[[ Dataset extract, beginning ]]

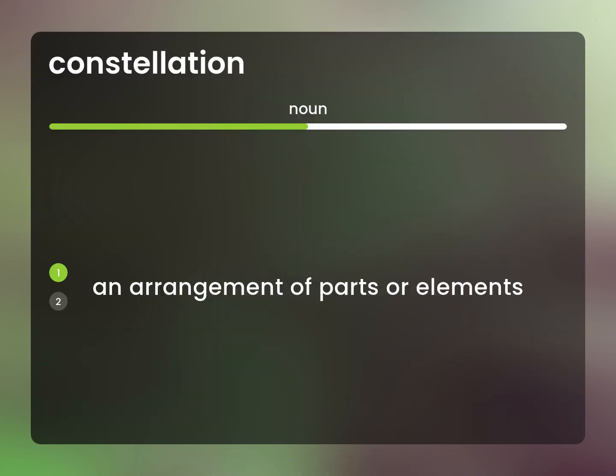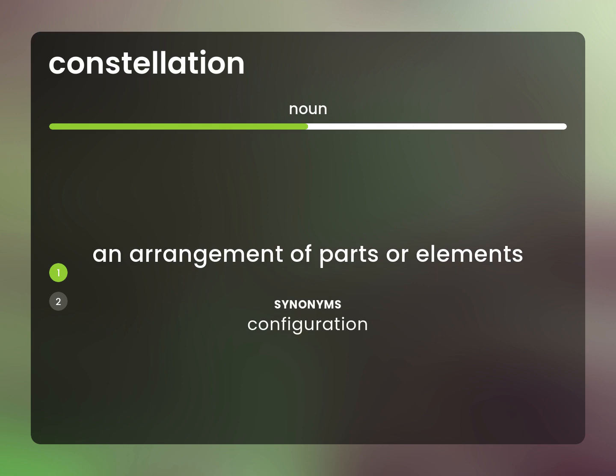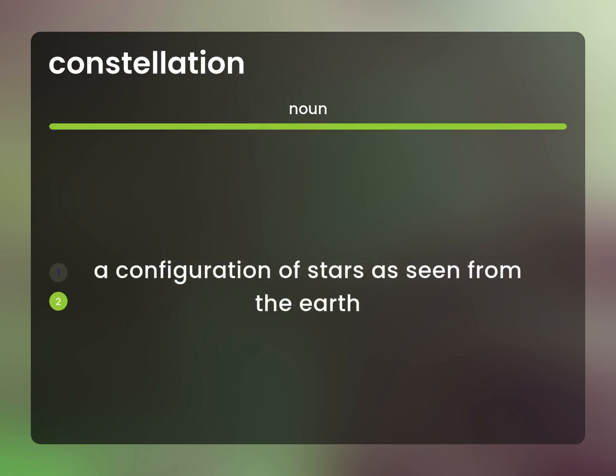An arrangement of parts or elements. Configuration. A configuration of stars as seen from the earth.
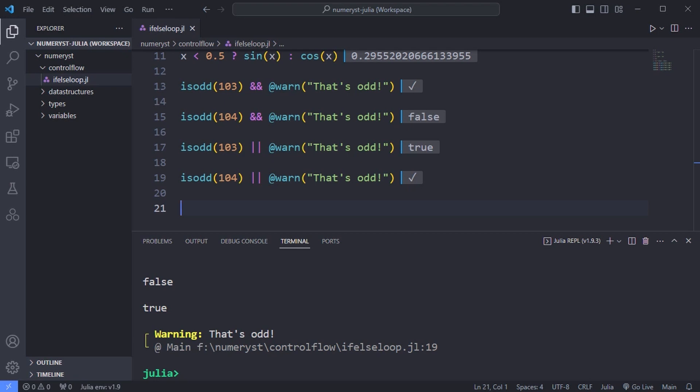But what about if and else? For a more general and traditional approach to conditional execution you can use if else if and else.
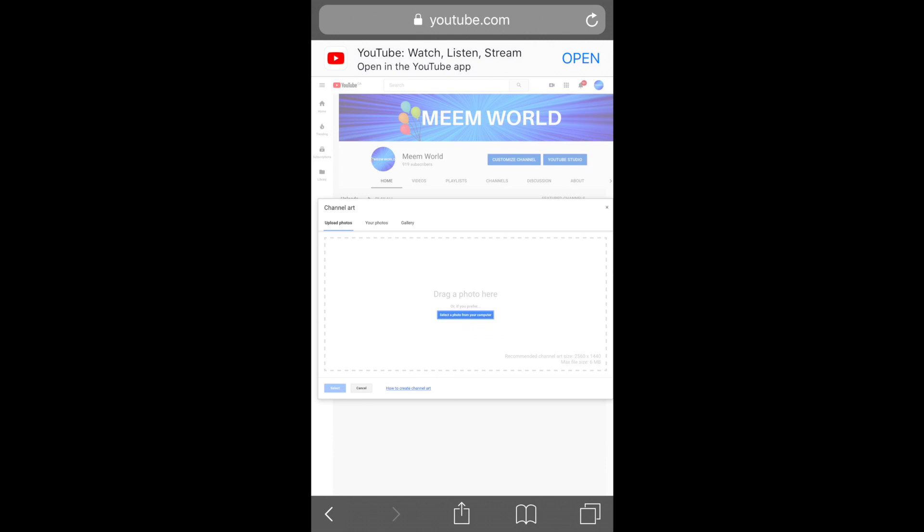The next time you want to change your YouTube banner, you don't need to go through all of this again because you've already fixed the problem in your settings app. You can just change your banner in your regular browser going forward.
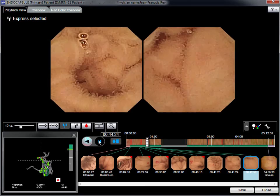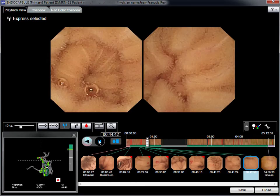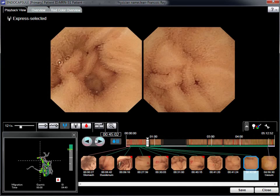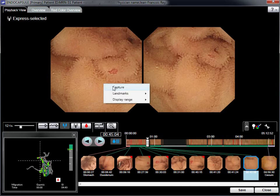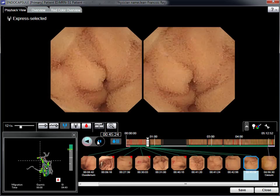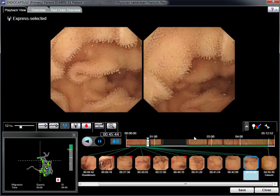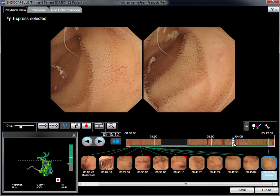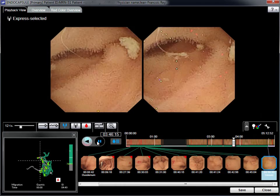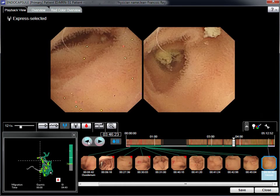Some angiomas are clearly visible, but minor vascular abnormalities are more difficult to identify. Another trick for reviewing video and avoiding eye fatigue is to play the video at various speeds. Artifacts have to be differentiated from real angiomas.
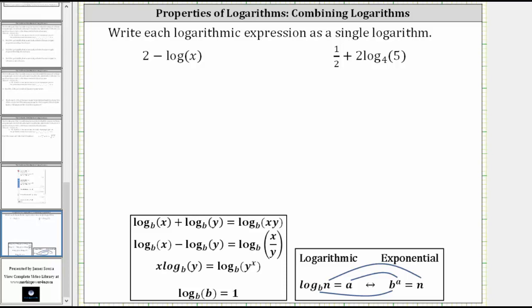We want to write each logarithmic expression as a single logarithm. The first expression is two minus log x. The first thing to recognize here is that log x is common log, or log base 10. In order to write the expression as a single log, we need to write two in the form of a logarithm with base 10.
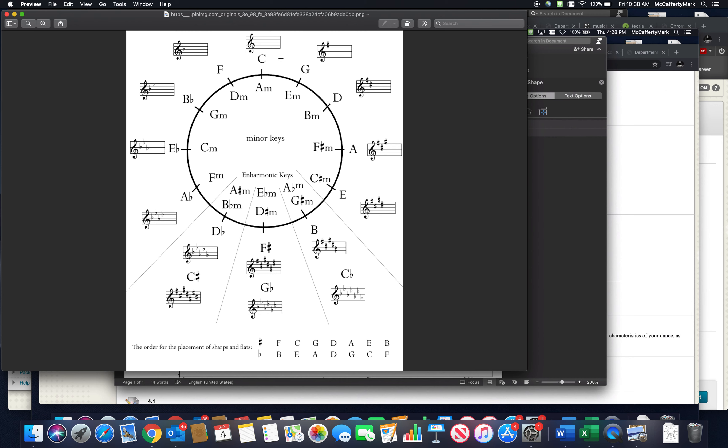Anytime you're going around the circle of fifths, you can imagine the next scale as five up from the last scale you played. So if you played C major, if you go up five to Sol, that's your G. G has one sharp, F sharp.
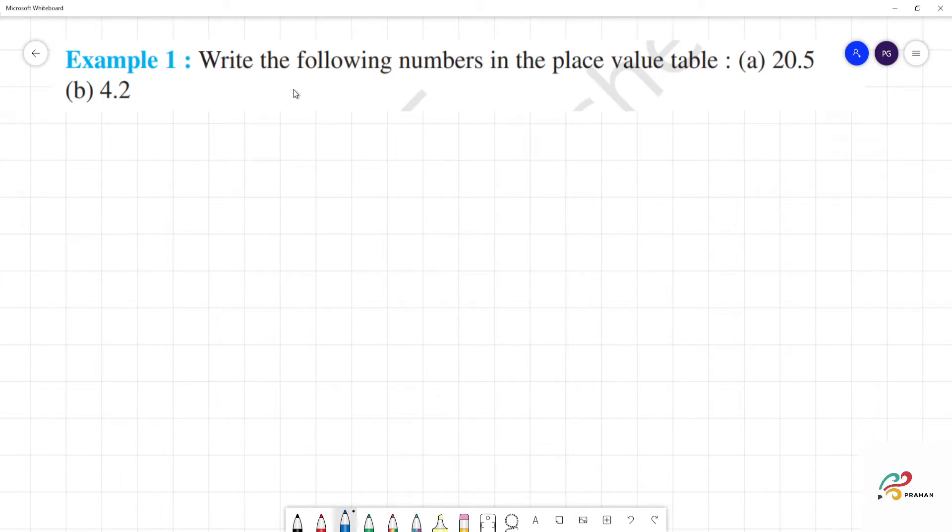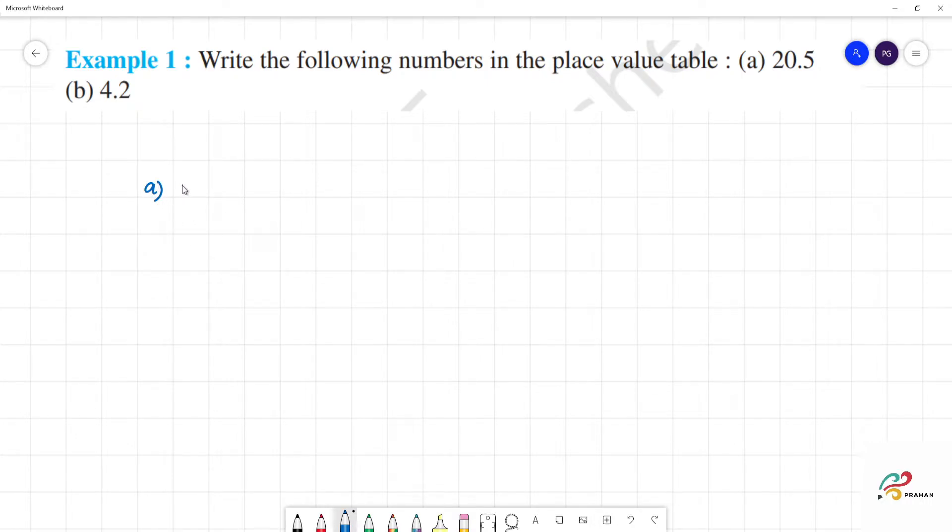Now, we want to write the following numbers in place value table. A is 20.5.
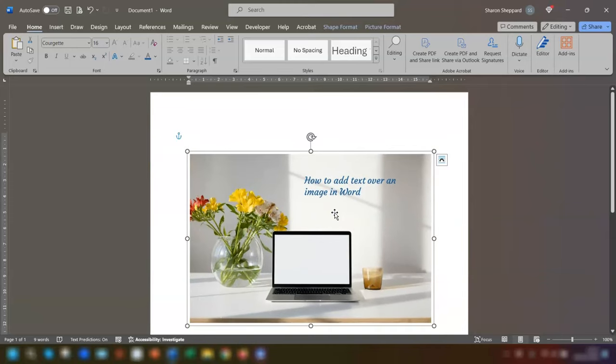Let me know if there's anything else you find frustrating when it comes to using Word and I'll see if I can help. Remember to give this video a like if you found it helpful and thanks so much for watching. I'll see you again in the next video. Bye for now.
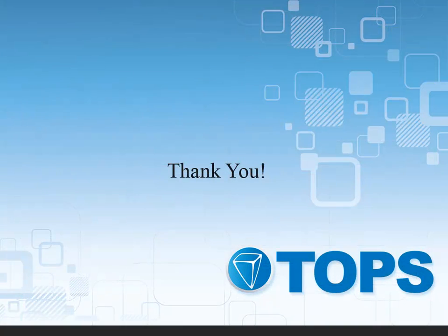This concludes our TOPS 1 Changing the Current Accounting Period tutorial. Thank you.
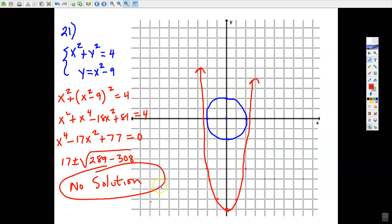If the quadratic formula gives an imaginary number, that's a clue there is no real solution — these two graphs do not intersect. Our graph is actually accurate. Take these notes, and they'll help you with the even problems. You don't have to do them today, but when you work on them tomorrow, these examples should help. If you have any questions, let me know.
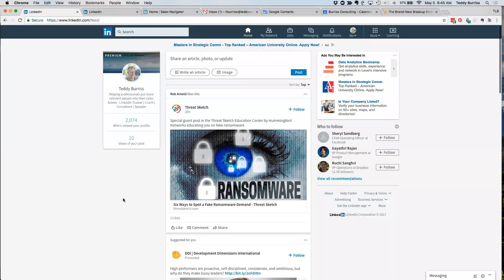On these First Friday webinars it's all about answering questions to help you use LinkedIn as a business tool — grow your pipeline, grow your business, or move your career forward. If you have questions, drop them in the chat box or unmute your mic and ask out loud. It's a small enough group that we can do that.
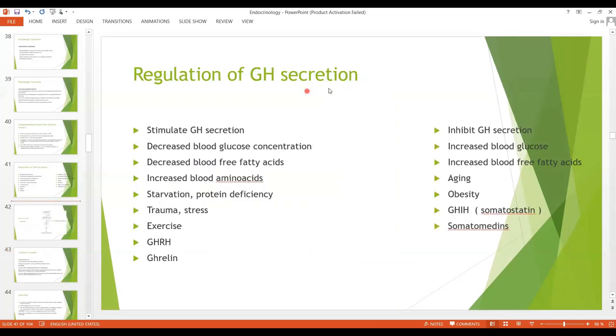Thank you so much, students. This is all for today. We will see the clinical disorders of growth hormone in the next lecture, inshallah. Thank you.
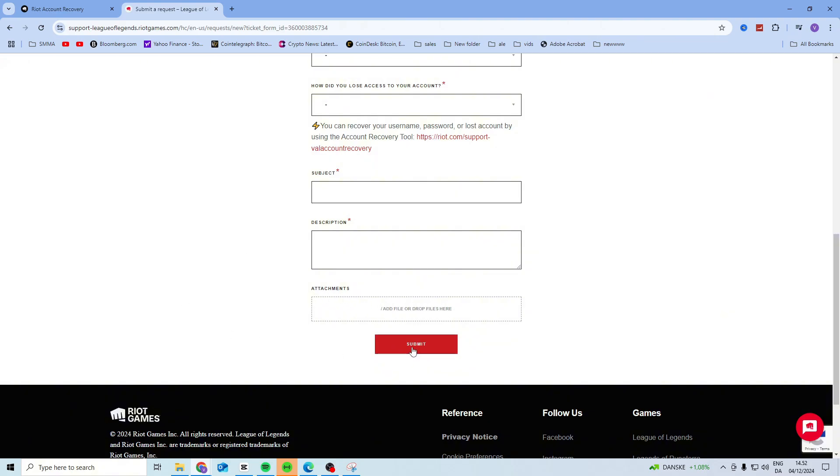After that, just press submit and wait for Riot Games to contact you. Now keep in mind this can take several days, and it can even take weeks for them to answer you, so just be patient and wait.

[[ Dataset extract, end ]]

* **Assignment**:
Since the pictures are not part of the copy, please transcribe only the lines above from the one with "But what about" through the one with "Now, we want", exactly and with both ends.

* **Answer space**:
But what about if and else? For a more general and traditional approach to conditional execution you can use if else if and else.
The next time you want to change your YouTube banner, you don't need to go through all of this again because you've already fixed the problem in your settings app. You can just change your banner in your regular browser going forward.
Some angiomas are clearly visible, but minor vascular abnormalities are more difficult to identify. Another trick for reviewing video and avoiding eye fatigue is to play the video at various speeds. Artifacts have to be differentiated from real angiomas.
We want to write each logarithmic expression as a single logarithm. The first expression is two minus log x. The first thing to recognize here is that log x is common log, or log base 10. In order to write the expression as a single log, we need to write two in the form of a logarithm with base 10.
Anytime you're going around the circle of fifths, you can imagine the next scale as five up from the last scale you played. So if you played C major, if you go up five to Sol, that's your G. G has one sharp, F sharp.
Now, we want to write the following numbers in place value table. A is 20.5.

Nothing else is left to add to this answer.